Giving Compass' Take:

• Lloyd Alter at TreeHugger discusses what the U.S. is doing with recycling now that it's not being shipped to China and what other countries across the globe are doing too.

• One problem in North America is the mixed recycling bins, which were easier for the homeowners but required so much labor in China to separate out everything. How can state officials access donor capital to help fund needs for a sustainable recycling program? 

Here's how small U.S. cities are fighting to save recycling. 


It's déjà vu all over again as the industry pushes "chemical recycling".

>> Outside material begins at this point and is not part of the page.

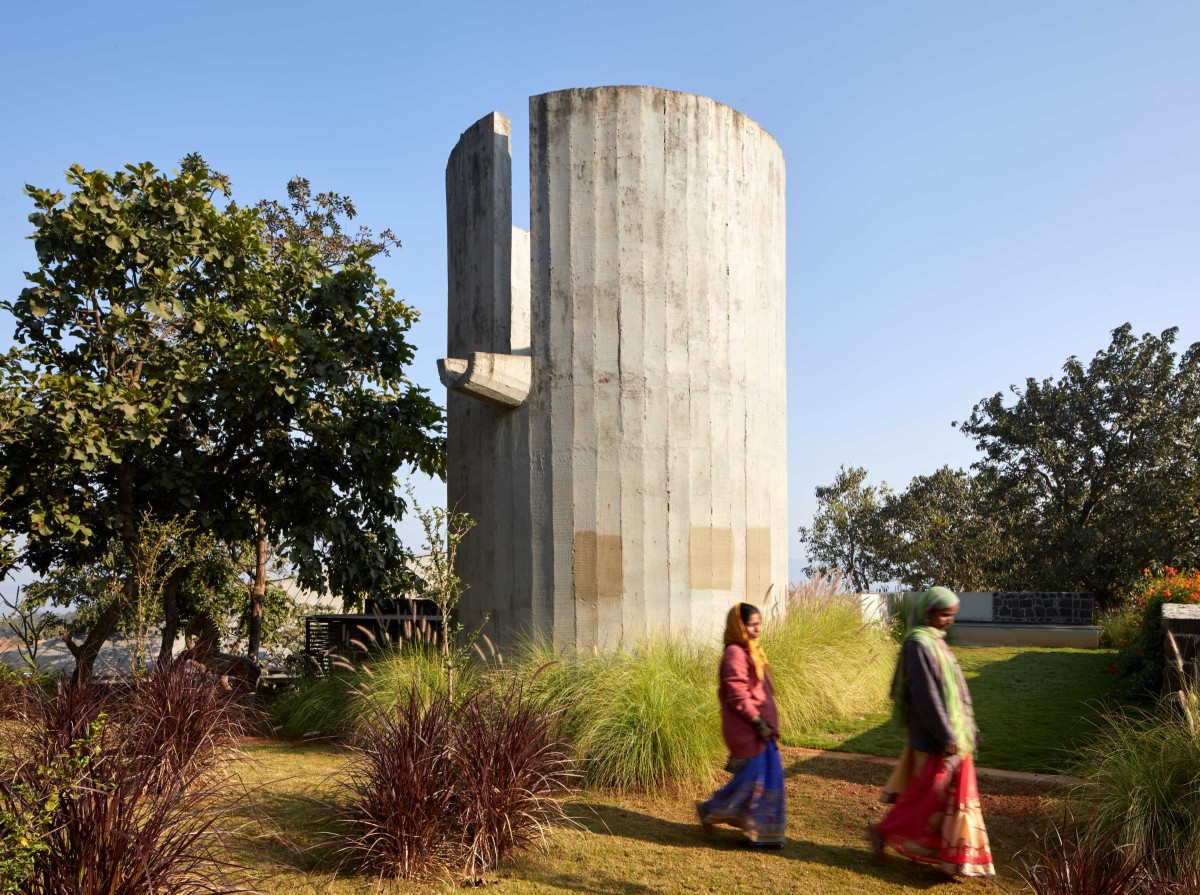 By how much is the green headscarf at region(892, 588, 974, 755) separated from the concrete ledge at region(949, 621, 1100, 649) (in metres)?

We have had recycling since the seventies. It's part of our lives. Saabira Chaudhuri writes in the Wall Street Journal:

For decades, America and much of the developed world threw their used plastic bottles, soda cans and junk mail in one bin. The trash industry then shipped much of that thousands of miles to China, the world’s biggest consumer of scrap material, to be sorted and turned into new products.

Then everything changed when China closed its doors. Other Asian countries have followed suit. Shipments of plastic to China are down 89 percent, mixed paper is down 96 percent. So what is happening now?

The U.K. is burning more of its trash, including dirty or low-value recycling. Attitudes toward incineration vary greatly by country. In the U.S., where space is plentiful, it has long been cheaper to send materials to landfills, and incineration has remained unpopular. Across much of Europe, by contrast, trash burned for energy has been popular for years.